Only if you're not paying attention.
Corrupt departments getting swapped out for others limits their impact in the affected region. The same principle is at play at the next location.
Additionally: corruption thrives (e.g. in the first location) because it has the necessary preconditions to tolerate it; courts and the local folks at the next location are not going to take up a passive posture if the new guys show up and their town is plunged into corruption.
Both factors should lead to the corrupt departments being discouraged to the point that they recognize the futility.
Alternatively, you could limit it to only swapping out the LA units for the ones that were in Idaho, sending the LA ones nowhere—they're just gone. The problem, after all, is the inability to get rid of all law enforcement headcount in an entire region, even if it is by and large thoroughly corrupt. The Idahoans coming in make that a non-issue.
Depending on the state, they may be limited to almost exclusively those roles, or they might be equivalent to a full police department that also happens to have those roles. In LA, it's closer to the latter.
I mean, it makes sense having the distinction between the FBI and municipal police forces and state police forces when the state forces primarily police non-municipal areas like expressways and can provide some more mobile backup when there's a local crisis that exceeds a local force's ability to manage.

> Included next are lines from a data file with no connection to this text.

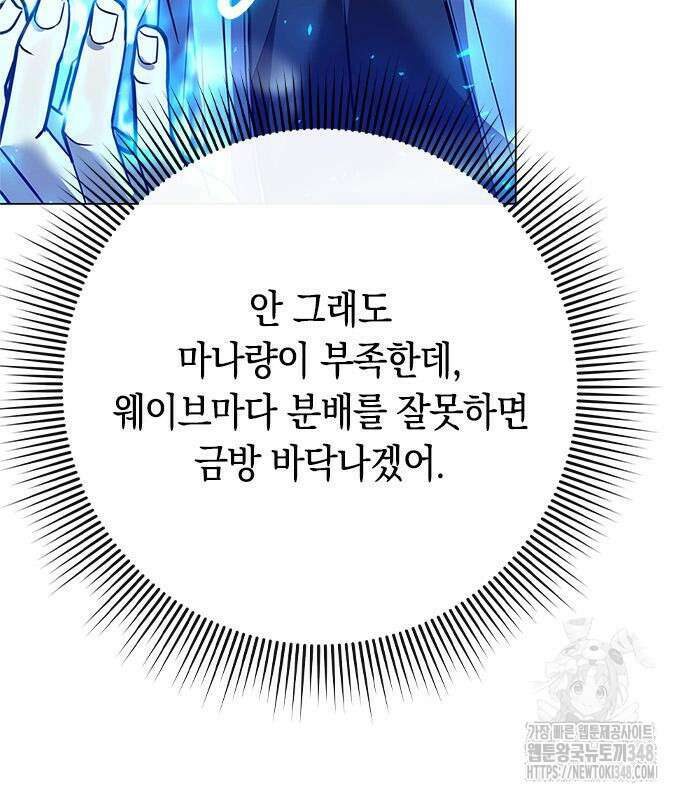 웨폰 크리에이터 31화 103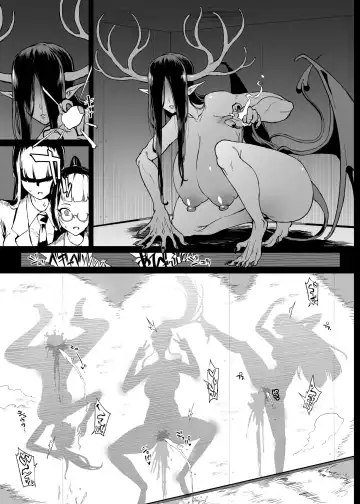 [Fan No Hitori] JKTaimabu S4 Zecchou Kage-ka Hen [Chinese] | JK退魔部 Season4 高潮剪影篇 Fhentai - Page 15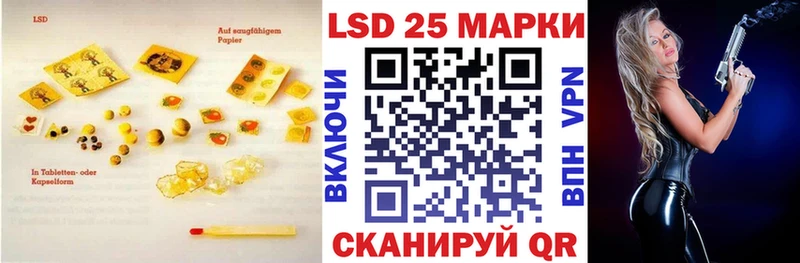 Купить закладки  Берёзовский  ЛСД экстази ecstasy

But I don't understand the logic of having so many overlapping police service organizations beyond that.
It seems that each entity starts out performing a specific function, but policing is important and we don't want them to just not enforce the law because it's "not their jurisdiction", so we'll just give them more jurisdiction... and the funding to match... and eventually you have 3-5 departments doing basically the same thing in basically the same area.
It's terrible. It leads to budget bloat and overpolicing, complicates oversight, and makes it harder for locals to manage police interactions because they're dealing with discordant department policies and ethos. (edit: It may be important to note that the police departments themselves seem to consider all of these things a feature, not a bug.)

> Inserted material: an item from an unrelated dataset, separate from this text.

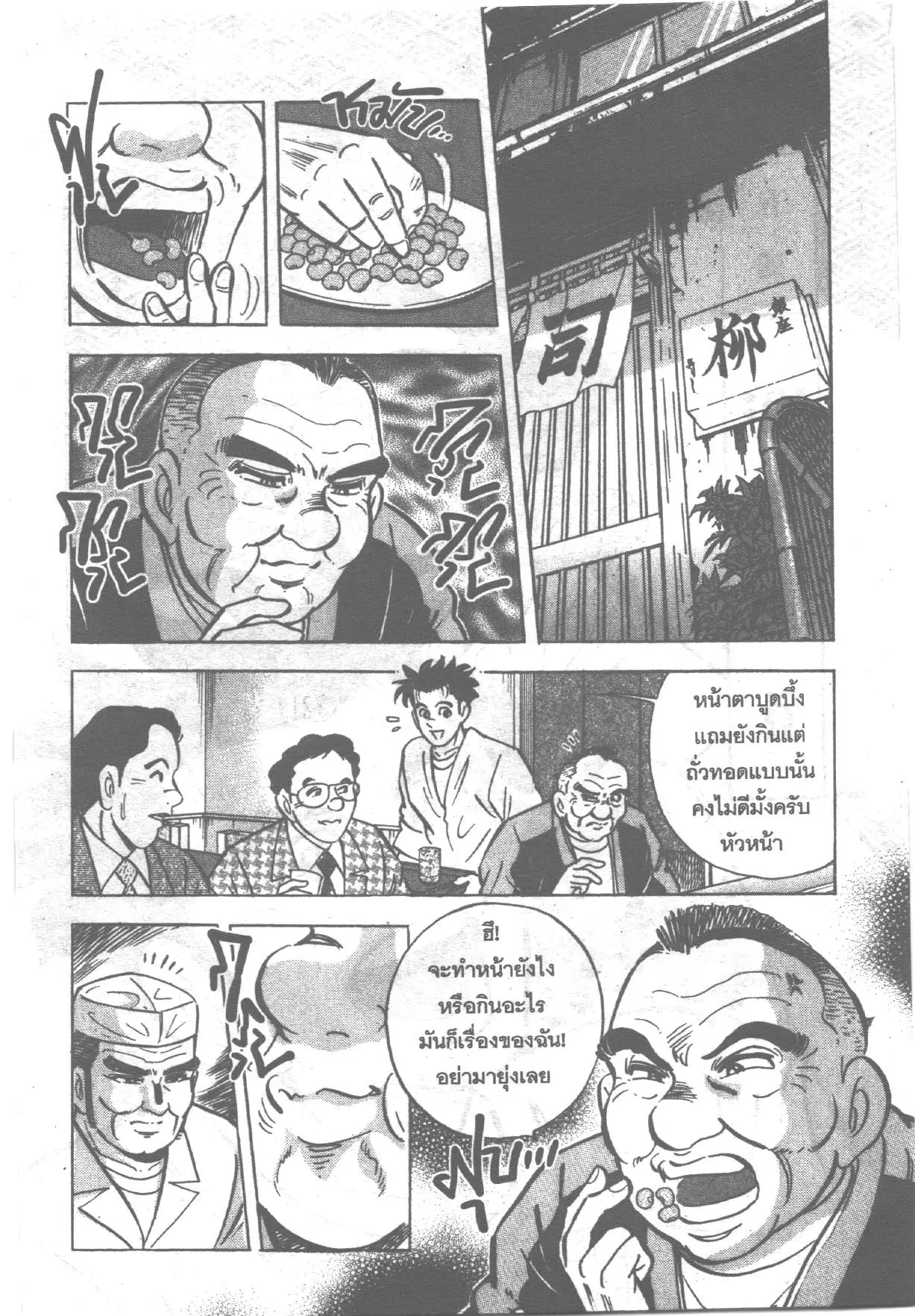 Edomae no Shun ตอนที่ 251 หน้า 2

Governments are way too comfortable with gangsters/mobsters, many of whom are regular donors to politicians. These gangsters are famous and everyone know who they are and what they do yet they only rarely get arrested let alone charged with anything. And in the rare cases they do get charged they walk. The way I see it the gangsters are paying govt for the privilege to rob the people unmolested which is another way that govt vicariously robs the people. I consider it a more violent arrangement and that govt has with big companies where big companies rip off people and get away with paying fines.
I'm just speculating at this point, but naming your specialized unit the "Scorpion Unit" probably also resulted in these guys working as a internal cell, with their own unwritten rules and definitely a propensity to not talk about or work collaboratively with other's outside the unit. Essentially the definition of a gang.
People name their gangs the "Outlaws" or "Vipers" or "Scorpions" etc because they are intending to send a message of fear or strength. It's Gang 101 activity.